Fiscalité - La réflexion s’impose
Même si la présentation de son premier budget n’aura lieu qu’au printemps, le gouvernement du Parti québécois doit préparer l’opinion publique pour obtenir l’appui de l’un des deux partis d’opposition. Or, certains changements prévus à la fiscalité exigent qu’on en évalue l’impact avant d’agir.
François Legault avait raison : entre 2003 et 2010, le Québec est passé du quatrième au neuvième rang des provinces canadiennes au chapitre du revenu disponible par habitant (revenu après impôts et transferts aux particuliers).

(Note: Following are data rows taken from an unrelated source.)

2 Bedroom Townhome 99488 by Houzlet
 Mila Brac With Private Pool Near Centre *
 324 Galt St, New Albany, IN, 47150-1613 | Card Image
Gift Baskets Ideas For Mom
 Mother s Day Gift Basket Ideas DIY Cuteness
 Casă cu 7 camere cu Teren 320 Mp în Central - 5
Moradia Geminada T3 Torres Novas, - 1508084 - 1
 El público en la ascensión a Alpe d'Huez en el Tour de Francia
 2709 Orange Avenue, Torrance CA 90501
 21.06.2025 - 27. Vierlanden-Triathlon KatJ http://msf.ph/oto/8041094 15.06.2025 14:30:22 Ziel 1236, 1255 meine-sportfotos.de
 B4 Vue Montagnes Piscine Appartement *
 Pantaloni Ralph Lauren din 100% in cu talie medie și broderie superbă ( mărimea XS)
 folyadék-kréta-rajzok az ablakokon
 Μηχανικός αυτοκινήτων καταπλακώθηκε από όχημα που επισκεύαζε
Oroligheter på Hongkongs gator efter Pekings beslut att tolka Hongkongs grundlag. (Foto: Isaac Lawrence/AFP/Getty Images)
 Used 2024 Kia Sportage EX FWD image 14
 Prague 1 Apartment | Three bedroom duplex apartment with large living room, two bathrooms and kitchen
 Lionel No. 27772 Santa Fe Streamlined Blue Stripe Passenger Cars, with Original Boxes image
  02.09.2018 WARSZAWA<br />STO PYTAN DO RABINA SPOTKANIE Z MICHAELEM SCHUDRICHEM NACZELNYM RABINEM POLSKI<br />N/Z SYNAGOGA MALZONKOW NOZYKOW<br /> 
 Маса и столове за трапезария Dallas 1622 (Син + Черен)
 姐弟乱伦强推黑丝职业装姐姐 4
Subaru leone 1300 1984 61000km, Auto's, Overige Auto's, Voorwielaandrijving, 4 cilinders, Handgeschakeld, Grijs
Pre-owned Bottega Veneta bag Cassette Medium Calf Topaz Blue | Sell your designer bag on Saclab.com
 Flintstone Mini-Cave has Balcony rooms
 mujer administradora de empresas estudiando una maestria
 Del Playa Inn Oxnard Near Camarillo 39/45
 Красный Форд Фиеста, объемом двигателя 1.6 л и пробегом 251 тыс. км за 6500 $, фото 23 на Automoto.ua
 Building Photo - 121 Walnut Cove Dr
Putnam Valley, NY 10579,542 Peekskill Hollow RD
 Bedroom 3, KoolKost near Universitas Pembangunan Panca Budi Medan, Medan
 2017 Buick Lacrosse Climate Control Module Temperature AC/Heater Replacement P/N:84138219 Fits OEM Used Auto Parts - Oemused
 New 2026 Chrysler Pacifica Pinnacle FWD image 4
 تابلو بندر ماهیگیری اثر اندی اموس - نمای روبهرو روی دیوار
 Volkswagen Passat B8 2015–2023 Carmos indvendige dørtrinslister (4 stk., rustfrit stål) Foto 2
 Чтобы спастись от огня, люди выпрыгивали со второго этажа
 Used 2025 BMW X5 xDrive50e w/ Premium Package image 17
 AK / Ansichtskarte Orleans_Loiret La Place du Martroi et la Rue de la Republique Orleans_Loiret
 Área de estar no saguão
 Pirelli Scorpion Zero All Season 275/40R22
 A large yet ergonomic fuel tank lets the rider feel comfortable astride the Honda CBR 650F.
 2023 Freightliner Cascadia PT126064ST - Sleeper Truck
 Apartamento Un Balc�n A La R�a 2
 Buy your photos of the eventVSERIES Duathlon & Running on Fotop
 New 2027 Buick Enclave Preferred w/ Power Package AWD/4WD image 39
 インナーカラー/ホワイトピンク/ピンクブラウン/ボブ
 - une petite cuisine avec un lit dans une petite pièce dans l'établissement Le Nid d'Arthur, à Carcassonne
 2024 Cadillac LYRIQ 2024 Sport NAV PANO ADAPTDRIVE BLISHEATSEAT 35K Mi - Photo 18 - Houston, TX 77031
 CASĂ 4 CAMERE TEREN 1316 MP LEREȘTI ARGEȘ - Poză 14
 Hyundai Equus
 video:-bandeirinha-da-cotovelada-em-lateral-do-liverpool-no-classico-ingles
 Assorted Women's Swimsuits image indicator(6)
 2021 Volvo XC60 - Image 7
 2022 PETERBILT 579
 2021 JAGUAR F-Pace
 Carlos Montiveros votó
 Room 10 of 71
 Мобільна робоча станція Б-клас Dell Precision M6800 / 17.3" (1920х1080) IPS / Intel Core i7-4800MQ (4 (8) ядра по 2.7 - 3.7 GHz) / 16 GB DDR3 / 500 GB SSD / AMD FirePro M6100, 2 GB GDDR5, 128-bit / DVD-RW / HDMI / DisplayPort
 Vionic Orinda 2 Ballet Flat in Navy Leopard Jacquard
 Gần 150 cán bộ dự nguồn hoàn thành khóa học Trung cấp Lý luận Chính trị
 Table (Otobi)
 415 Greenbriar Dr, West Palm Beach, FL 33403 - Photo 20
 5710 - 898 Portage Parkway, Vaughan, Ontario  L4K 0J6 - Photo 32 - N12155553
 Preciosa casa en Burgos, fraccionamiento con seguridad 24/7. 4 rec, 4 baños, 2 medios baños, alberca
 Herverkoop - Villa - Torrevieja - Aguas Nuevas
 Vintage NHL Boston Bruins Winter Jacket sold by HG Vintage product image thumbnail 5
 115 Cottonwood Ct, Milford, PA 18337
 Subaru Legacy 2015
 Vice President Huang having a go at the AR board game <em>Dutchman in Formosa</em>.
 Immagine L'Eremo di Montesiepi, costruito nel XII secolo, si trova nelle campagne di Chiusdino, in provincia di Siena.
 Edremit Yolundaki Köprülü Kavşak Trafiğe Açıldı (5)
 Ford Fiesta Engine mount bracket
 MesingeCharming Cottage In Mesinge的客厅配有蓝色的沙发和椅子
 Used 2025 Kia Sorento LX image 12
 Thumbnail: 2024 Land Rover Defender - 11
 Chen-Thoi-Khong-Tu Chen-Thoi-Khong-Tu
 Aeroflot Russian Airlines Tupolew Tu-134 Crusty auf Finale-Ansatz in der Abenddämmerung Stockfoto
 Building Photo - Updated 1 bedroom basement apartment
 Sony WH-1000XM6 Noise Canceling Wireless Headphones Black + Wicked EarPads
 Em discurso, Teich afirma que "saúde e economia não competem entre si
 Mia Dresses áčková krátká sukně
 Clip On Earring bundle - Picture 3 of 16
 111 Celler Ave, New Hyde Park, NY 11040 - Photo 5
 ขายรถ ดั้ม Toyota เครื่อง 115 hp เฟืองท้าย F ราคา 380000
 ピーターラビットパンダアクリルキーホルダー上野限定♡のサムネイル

En fait, seule la catégorie des contribuables les plus pauvres a vu sa situation relative s’améliorer grâce à un État plus généreux même sous un gouvernement libéral. Comme le fiscaliste Luc Godbout l’a démontré, une famille de quatre personnes sans aucun revenu de travail reçoit aujourd’hui 25 400 $ des deux gouvernements, soit 55 % de plus qu’il y a dix ans. Quant à l’écart entre les riches et les pauvres, il a rétréci contrairement au reste du continent, et c’est tant mieux !
La question qui se pose maintenant est de savoir si on a raison de vouloir transférer plus d’un milliard supplémentaire d’impôts des uns vers les autres ?
Rappelons que les contribuables visés par le Parti québécois sont ceux qui gagnent plus de 130 000 $, mais aussi ceux qui reçoivent une partie de leurs revenus sous forme de dividendes ou de gains en capital. En visant ces catégories de revenus, le PQ double la mise puisque, par exemple, un particulier qui vend son chalet verra son revenu total grimper au-delà du nouveau seuil de 130 000 $ cette année-là à cause de la plus-value, laquelle sera elle-même taxée davantage à titre de gain en capital. Du coup, il devra payer de l’impôt sur des gains dont une large portion ne faisait que couvrir l’inflation cumulée au fil des ans.
Au Québec, moins de 3 % des contribuables gagnent plus de 130 000 $, mais ils paient déjà le tiers de tous les impôts provinciaux.
Quant aux contribuables qui déclarent des revenus de dividendes et de gains en capital, bon nombre sont des ménages de la classe moyenne qui vendent le chalet familial une fois dans leur vie, ou des retraités qui ont dû investir dans des fonds de placement hors REER faute de bénéficier d’un régime de retraite de leur ancien employeur.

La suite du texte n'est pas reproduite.